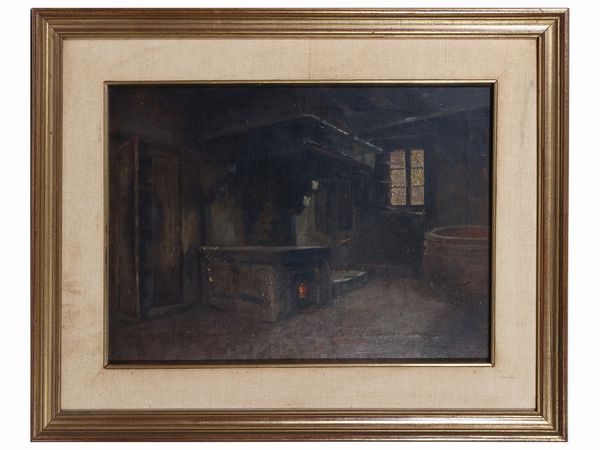 Scuola italiana del XIX/XX secolo : Interno di cucina  - Asta L'arte di arredare - Associazione Nazionale - Case d'Asta italiane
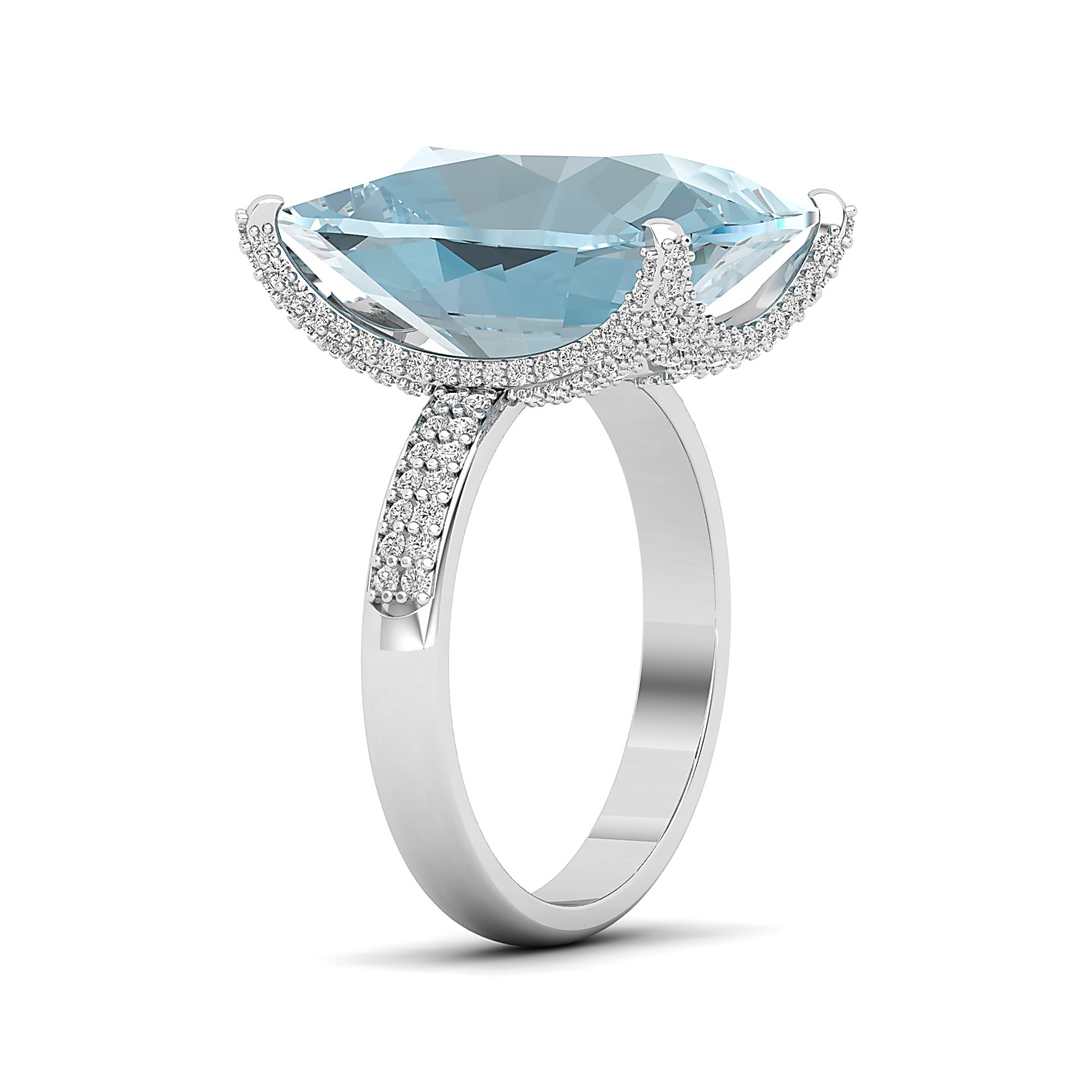 The Fiery Single Stone Aquamarine Ring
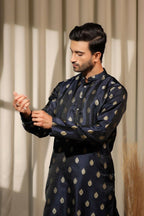 Blue Viscose Jacquard Wovon Designer Kurta Set - Mahotsav | Grocsy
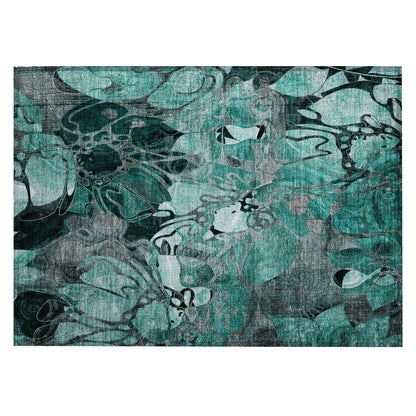 Tapis Chantille floral moderne lavable en machine pour intérieur/extérieur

**GOAL OF THE EXERCISE:** Copy out all the data above exactly as written. Skip the pictures.

**RESPONSE BELOW:**
 Scuola italiana del XIX/XX secolo : Interno di cucina  - Asta L'arte di arredare - Associazione Nazionale - Case d'Asta italiane
 The Fiery Single Stone Aquamarine Ring
 Blue Viscose Jacquard Wovon Designer Kurta Set - Mahotsav | Grocsy
 Tapis Chantille floral moderne lavable en machine pour intérieur/extérieur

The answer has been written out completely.